Scraped caption text data:
⁂

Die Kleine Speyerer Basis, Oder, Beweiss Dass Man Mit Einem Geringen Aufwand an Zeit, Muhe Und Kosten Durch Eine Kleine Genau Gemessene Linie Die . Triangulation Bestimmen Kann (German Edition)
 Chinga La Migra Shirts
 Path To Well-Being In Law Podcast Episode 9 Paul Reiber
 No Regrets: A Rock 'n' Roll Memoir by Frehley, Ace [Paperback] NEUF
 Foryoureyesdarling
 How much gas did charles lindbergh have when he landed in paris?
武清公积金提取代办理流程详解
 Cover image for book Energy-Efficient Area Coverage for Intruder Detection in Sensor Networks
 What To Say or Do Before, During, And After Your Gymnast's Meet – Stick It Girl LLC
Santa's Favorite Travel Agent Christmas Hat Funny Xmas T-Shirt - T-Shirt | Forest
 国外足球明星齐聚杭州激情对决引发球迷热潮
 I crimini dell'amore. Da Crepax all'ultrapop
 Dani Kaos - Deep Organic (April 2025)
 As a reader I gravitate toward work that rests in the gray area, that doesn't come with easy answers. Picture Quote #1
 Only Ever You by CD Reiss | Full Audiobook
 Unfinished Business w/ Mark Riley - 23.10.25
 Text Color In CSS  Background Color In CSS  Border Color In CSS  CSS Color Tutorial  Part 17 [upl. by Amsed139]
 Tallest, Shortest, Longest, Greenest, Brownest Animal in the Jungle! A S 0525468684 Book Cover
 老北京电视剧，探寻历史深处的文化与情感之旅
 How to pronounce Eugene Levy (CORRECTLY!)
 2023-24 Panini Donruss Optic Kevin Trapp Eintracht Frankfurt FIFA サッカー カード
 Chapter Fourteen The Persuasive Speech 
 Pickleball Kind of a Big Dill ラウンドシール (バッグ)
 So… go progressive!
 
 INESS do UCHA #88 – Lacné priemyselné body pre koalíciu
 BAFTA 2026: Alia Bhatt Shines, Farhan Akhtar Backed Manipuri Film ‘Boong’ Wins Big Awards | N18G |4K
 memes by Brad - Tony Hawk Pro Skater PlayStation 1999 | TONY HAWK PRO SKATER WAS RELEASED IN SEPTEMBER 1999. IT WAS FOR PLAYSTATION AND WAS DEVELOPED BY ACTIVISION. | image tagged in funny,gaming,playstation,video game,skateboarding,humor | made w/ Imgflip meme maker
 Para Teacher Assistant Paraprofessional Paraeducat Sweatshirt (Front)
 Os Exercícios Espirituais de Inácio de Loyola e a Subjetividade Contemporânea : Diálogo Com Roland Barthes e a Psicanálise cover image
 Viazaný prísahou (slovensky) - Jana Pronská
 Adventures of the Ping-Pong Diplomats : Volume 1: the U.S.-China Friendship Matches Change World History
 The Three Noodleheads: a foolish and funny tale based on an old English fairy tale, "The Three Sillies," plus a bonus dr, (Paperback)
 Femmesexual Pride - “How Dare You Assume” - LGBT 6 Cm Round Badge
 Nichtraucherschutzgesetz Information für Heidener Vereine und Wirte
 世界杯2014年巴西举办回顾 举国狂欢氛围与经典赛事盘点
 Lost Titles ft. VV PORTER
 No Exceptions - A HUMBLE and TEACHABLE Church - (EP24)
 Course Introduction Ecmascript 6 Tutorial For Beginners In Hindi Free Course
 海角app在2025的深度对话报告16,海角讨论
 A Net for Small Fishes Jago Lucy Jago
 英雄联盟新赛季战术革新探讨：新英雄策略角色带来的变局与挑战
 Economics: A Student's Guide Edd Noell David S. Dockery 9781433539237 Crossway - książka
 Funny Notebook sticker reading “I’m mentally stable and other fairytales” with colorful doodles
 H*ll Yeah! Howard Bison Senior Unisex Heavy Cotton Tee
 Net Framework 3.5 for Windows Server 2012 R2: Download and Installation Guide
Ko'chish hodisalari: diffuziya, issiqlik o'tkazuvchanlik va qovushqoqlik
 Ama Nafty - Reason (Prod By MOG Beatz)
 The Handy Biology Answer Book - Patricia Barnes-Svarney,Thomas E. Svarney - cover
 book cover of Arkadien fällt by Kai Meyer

⁂

[Prompt] Using the entries shown above, reproduce verbatim the lines from the line bearing "Nichtraucherschutzgesetz Information für" to the line bearing "A Net for Small Fishes Jago Lucy Jago", inclusive.

[Solution to this task]
 Nichtraucherschutzgesetz Information für Heidener Vereine und Wirte
 世界杯2014年巴西举办回顾 举国狂欢氛围与经典赛事盘点
 Lost Titles ft. VV PORTER
 No Exceptions - A HUMBLE and TEACHABLE Church - (EP24)
 Course Introduction Ecmascript 6 Tutorial For Beginners In Hindi Free Course
 海角app在2025的深度对话报告16,海角讨论
 A Net for Small Fishes Jago Lucy Jago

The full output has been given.